Tugs, OSVs safer than cargo vessels, but crew believe commercial pressure can still trump safety
Half of all crew members interviewed for a study of international workboat safety said they would compromise safety rather than displease customers or senior management.
But tugs and OSVs generally have better safety and compliance performance than larger cargo vessels, according to the report sponsored by Helm Operations, Victoria, British Columbia, which provides operations and maintenance management software to the international tug and barge industry.
Titled “The Impact of Crew Engagement and Organizational Culture on Maritime Safety in the Workboats and OSV Sectors,” the 118-page paper is touted as the first comprehensive survey of worldwide workboat safety practice. It comes from six months of research by Catherine Austin and Isabelle Rojon of Fathom Maritime Intelligence, a maritime information consulting firm, and primary data collection and analysis by researchers Kate Pike and Emma Broadhurst of Southampton Solent University, both in the United Kingdom.
University researchers Pike and Broadhurst analyzed close to 6,000 accident and casualty reports from 2011 and 2013 in European Union waters or involving EU-flagged vessels. They found most involved general cargo vessels, which also had the most serious occurrences.
“In contrast, tugs and offshore support vessels were involved in comparatively few occurrences and recorded far less fatalities and injuries according to the data, suggesting that their safety performance may be superior to that of other vessel categories, such as cargo and passenger vessels,” the report said.
The analysis used Port State Control (PSC) inspections, looking at reported vessel deficiencies and detentions in port, as an indicator of safety performance, safety culture and crews being engaged in assuring safety. Those inspection regimes are set by memoranda of understanding, or MOUs, regional agreements among maritime nations for setting safety standards.
That number-crunching turned up differences between fleets operating from Atlantic nations and in Asia.
“According to the data analyzed, the vast majority of inspected workboats registered no deficiencies at all or less than five deficiencies. However, when examining on a region-by-region basis the average number of deficiencies per inspected workboat was greater for the Tokyo MOU authorities than for the Paris MOU authorities, which could indicate that vessels operating in waters covered by Tokyo MOU authorities display a lower level of safety culture,” the report said.
A lot of societal and cultural factors could be at play, the report suggests. Those likely include varying degrees of deference to authority – including cultural reluctance to question authority – and less economic security felt by crews from poorer nations. But many mariners worry about the workplace repercussions of being identified with a negative incident. When it comes to reporting non-conformities or other less serious conditions, they can be seen as unnecessarily slowing down business, the report said. “In many situations, seafarers may consider making such reporting unmanly or unprofessional, or associate it with being judged negatively or even being reprimanded,” the report said. Across the board, a majority of 80% felt customer needs and business priorities could trump safety concerns.

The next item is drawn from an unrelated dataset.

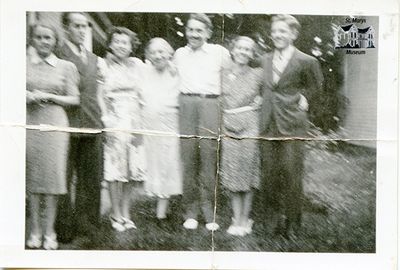 Chesterfield Family Outside Their Family Home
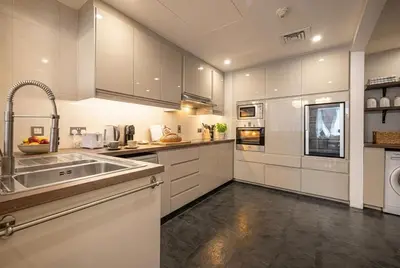 a large white kitchen with a sink and a dishwasher at Trident Grand! Near Beach, Pool and Gym Access! In JBR-Dubai Marina in Dubai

Overcoming those worries requires instilling a safety culture of self-regulation, where workers are encourage to be on the lookout for and report potential hazards, the report said: “This entails that if in doubt, safety takes precedence over performance targets.” The crew, captains and others interviewed for the study are all men – indicative of the overwhelmingly male dominated industry. In national origin, 54% were European and 32% American.